I agree with the right reverend Prelate—I declare an interest as another member of the Christian Aid board—that direct funding of local NGOs can be a problem if it is threatening their independence.

This important process will require workshops, leadership training, civic education and must involve independent media such as Radio Ecclesia to reflect current concerns such as law and order, corruption and human rights abuse, and to bring about a genuine debate in society and parliament.

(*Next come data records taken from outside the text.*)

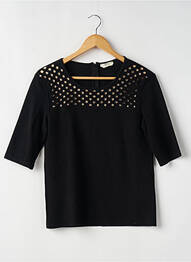Pulover guler rotund mâneci 3/4 negru FENDI femme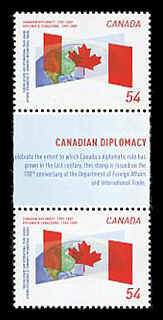 Canadian Diplomacy, 1909-2009 - Pair - Gutter Between Canada Postage Stamp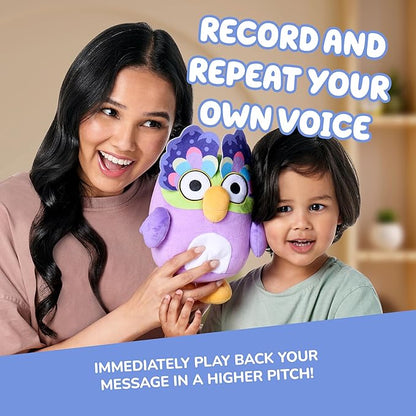 Bluey Chattermax Sound Effects Talking Plush, 10” Soft Toddler Toys, Interactive Singing Stuffed Animal with 6 Phrases, Baby Plush Toys for Kids
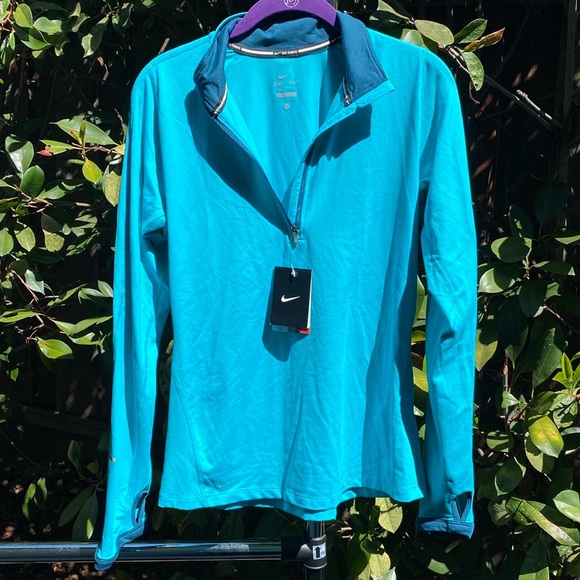 Nike Jackets & Blazers - 2/$45 NWT Nike JUST DO IT Bright Blue Quarter Zip Pullover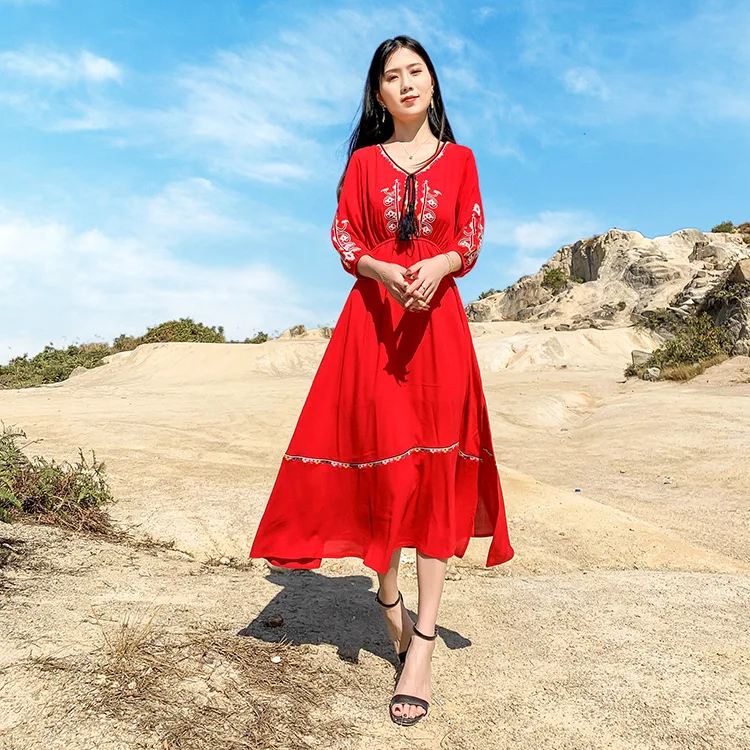 2020 Spring Dress Women's Bohemian Ethnic-Style Embroidered Cotton And Linen Skirt Holiday Desert Red Dress
2020 Spring Dress Women's Bohemian Ethnic-Style Embroidered Cotton And Linen Skirt Holiday Desert Red Dress
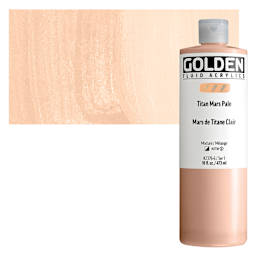 Golden Fluid Acrylic - Titan Mars Pale, 16 oz bottle and swatch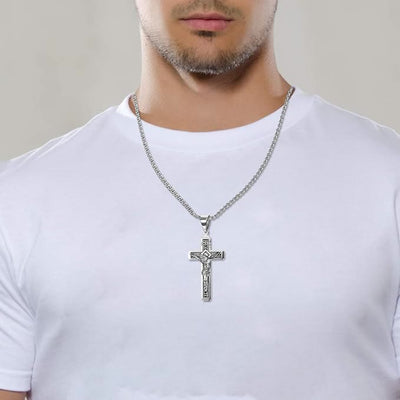 Christianartworkshop Crafted Jesus Christianartworkshop Crucifix Titanium Necklace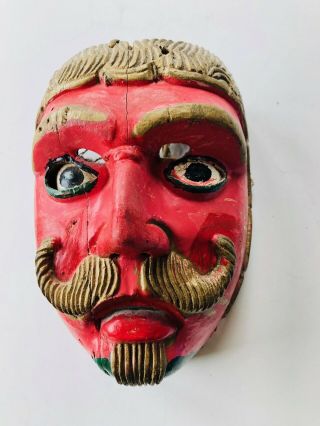 Fine: Antique,  Mexican,  Red face Man Danced Worn Authentic Ethnographic Mask 4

I know that the noble Baroness has visited development projects, including a de-mining project, but I hope that she will also comment on the role of our Government in their support for civil society in such matters as election monitoring and relevant forms of electoral training. Having seen this at work in Mozambique, I am convinced that this form of targeted capacity building is essential if political parties in both countries are to put aside their many genuine grievances, which persist, and move towards a society which more faithfully reflects people's needs.

8.56 p.m.

Lord Joffe: My Lords, I, too, would like to express my appreciation to my noble friend Lord Listowel for initiating this debate on Angola. It comes at a particularly appropriate time when there is the potential to transform the lives of all Angolans.

Angola is one of the poorest countries in Africa and its people have suffered tremendously because of the brutal civil war that has ravaged the country for more than 30 years. The statistics given by my noble friend—which I shall not repeat—tell a story of terrible deprivation and human suffering. But at long last this year has brought peace across most of Angola. A combination of peace, vast natural resources and a population of only 12.5 million people creates a unique opportunity for the lives of all Angolan people to be transformed.

Already much has been achieved by the Government of Angola. This includes, as the noble Earl, Lord Sandwich, pointed out, the peace agreement itself, with fighting continuing in only one of 18 provinces. It includes the nomination of UNITA party members to the Government of Angola and to representational posts in communes, principalities, provinces and embassies. It includes the NPLA and UNITA working closely together on a new constitution and Angola taking its rightful place in Africa with the presidency of the Southern African Development Community for the next two years.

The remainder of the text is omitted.